__What you are asked to do__
Look below for the line containing "Buffalo Plaid Snowflake" and the line containing "VEVOR 2 - in", then set down both and every line between them exactly, without pictures.

__Records to process__
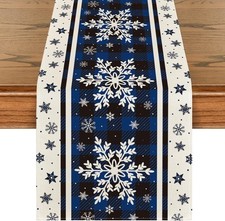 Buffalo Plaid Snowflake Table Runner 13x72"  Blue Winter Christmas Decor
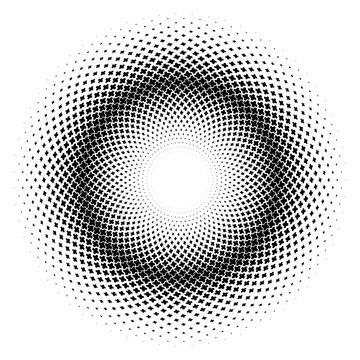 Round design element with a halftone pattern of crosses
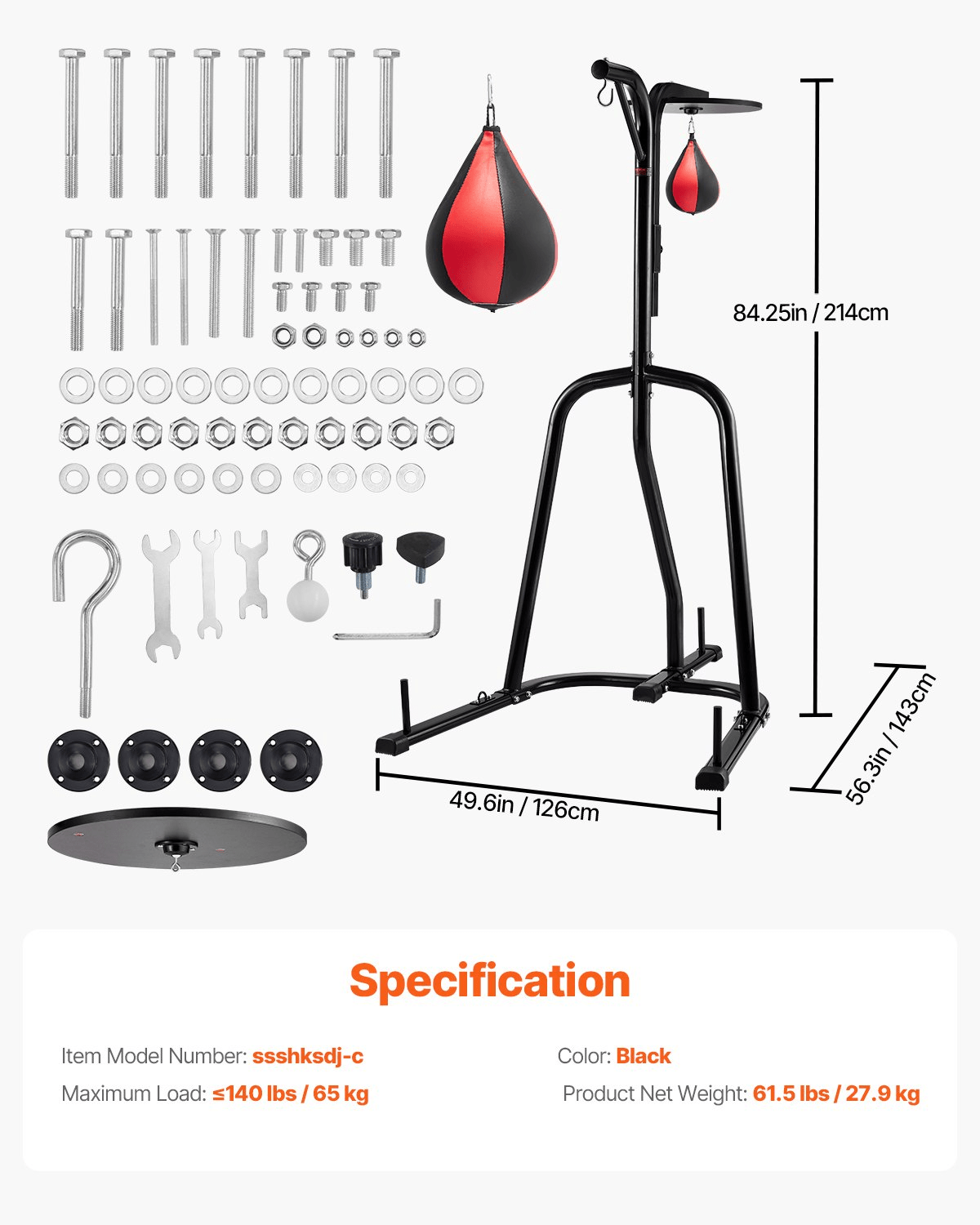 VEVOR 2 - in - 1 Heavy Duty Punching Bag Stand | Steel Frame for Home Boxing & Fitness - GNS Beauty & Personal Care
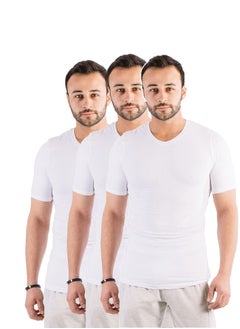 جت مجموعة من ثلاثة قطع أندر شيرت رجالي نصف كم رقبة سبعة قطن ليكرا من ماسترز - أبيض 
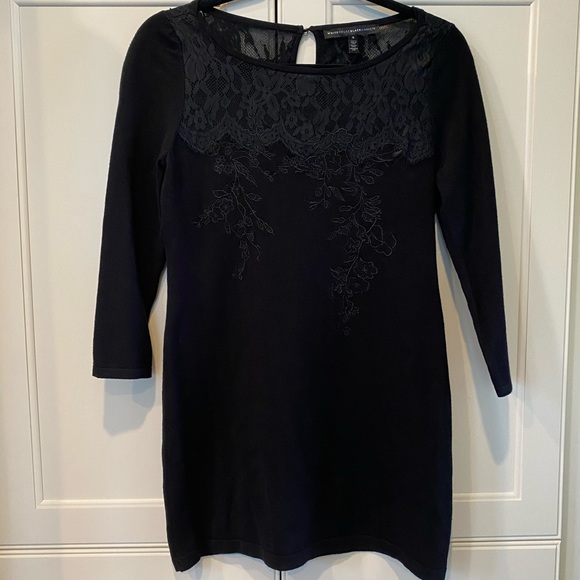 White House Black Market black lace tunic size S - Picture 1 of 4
...
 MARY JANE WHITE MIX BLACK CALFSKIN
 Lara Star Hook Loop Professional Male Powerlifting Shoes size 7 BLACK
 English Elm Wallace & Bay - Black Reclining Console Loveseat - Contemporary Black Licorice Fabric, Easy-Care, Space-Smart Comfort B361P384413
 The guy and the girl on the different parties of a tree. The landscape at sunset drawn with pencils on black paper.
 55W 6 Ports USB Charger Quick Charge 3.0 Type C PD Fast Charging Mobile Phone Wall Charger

__Response to the exercise__
 Buffalo Plaid Snowflake Table Runner 13x72"  Blue Winter Christmas Decor
 Round design element with a halftone pattern of crosses
 VEVOR 2 - in - 1 Heavy Duty Punching Bag Stand | Steel Frame for Home Boxing & Fitness - GNS Beauty & Personal Care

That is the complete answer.